Run to Ruin is the No Country for Old Men of the New Weird America movement, an artifact of beauty and mystery that unsettles these certainties. It has the same effect as the movie did, being the kind of album people at dinner parties like to ‘have a go’ at decoding, a cultural Rubik’s cube, at least to those (at the most exclusive dinner parties of course) who are aware of its existence.

The off-kilter instrumentation — featuring instruments like the saw — could be dismissed as the stylings of a particular genre (folk/New Weird America), if each element were not essential. Instruments play creaking doors or whining insects, less strident voices in themselves, more sound effects in a spooky radio play. Steve Albini adds his patented touch and ensures that Run to Ruin, like the Coen brothers’ movie, creates a compellingly unique closed universe, even if it appears to do so against an impressionistic backdrop of mythic America. At times, the album plays like the soundtrack to a film noir that never was.

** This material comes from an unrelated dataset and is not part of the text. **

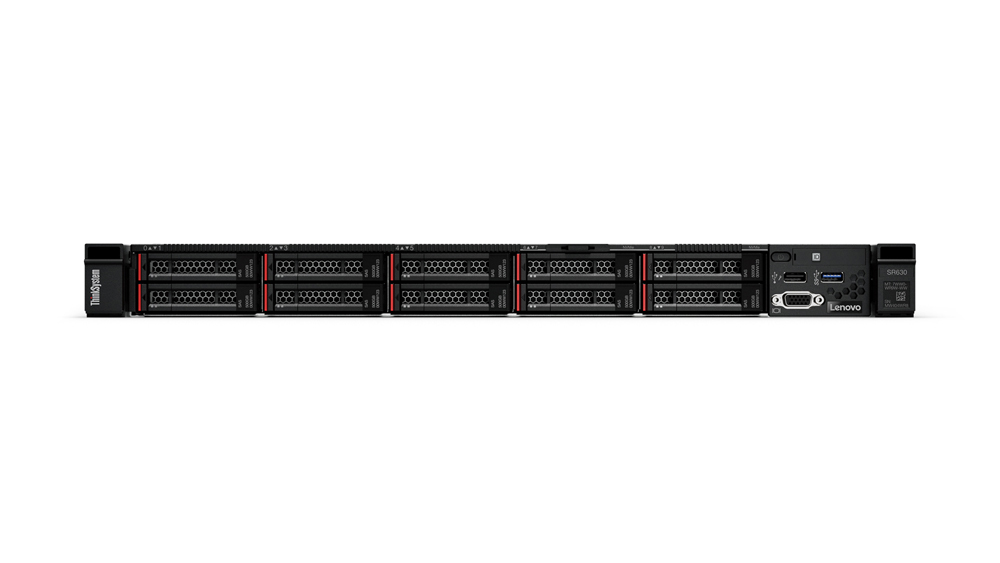 ThinkSystem SR630 - Gold 6130 - 32GB Ram - 1x 930-8i 2GB Flash - 8x 2.5in - 750W Platinum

Each of Nastasia’s albums, but especially Run to Ruin, are really concept albums, and the songs don’t take well to mix tapes (I’ve tried). Their fragmentary nature makes Run to Ruin, at only 31 minutes, pass quickly as if it were a strip of landscape seen from the window of a car. There is no doubt that it’s an album of the road — maybe why those New Weird America atmospherics are required. Aborted conversations about the past and love scenes take place in cars. A short stay or imprisonment in a motel with thin walls is described in “Regrets.” Allusions to violence, money, and jealousy abound. “You, Her and Me” ends with sounds reminiscent of an ambulance siren fading into the distance, while the first track, “We Never Talked,” is the only one to refer directly to “that thing we witnessed.” The gloomy, tense track faces the strain of keeping secrets head-on, though the excitement of telling the story soon takes over, and the album becomes feverishly possessed with its own tale, even as its confessions remain cryptic, encoded. The last track, “While We Talk,” brings relief, describing a picnic where crumbs fall and secrets are spilled in the open, just as at the beginning of the album they’re shut up in the claustrophobic atmosphere of a car.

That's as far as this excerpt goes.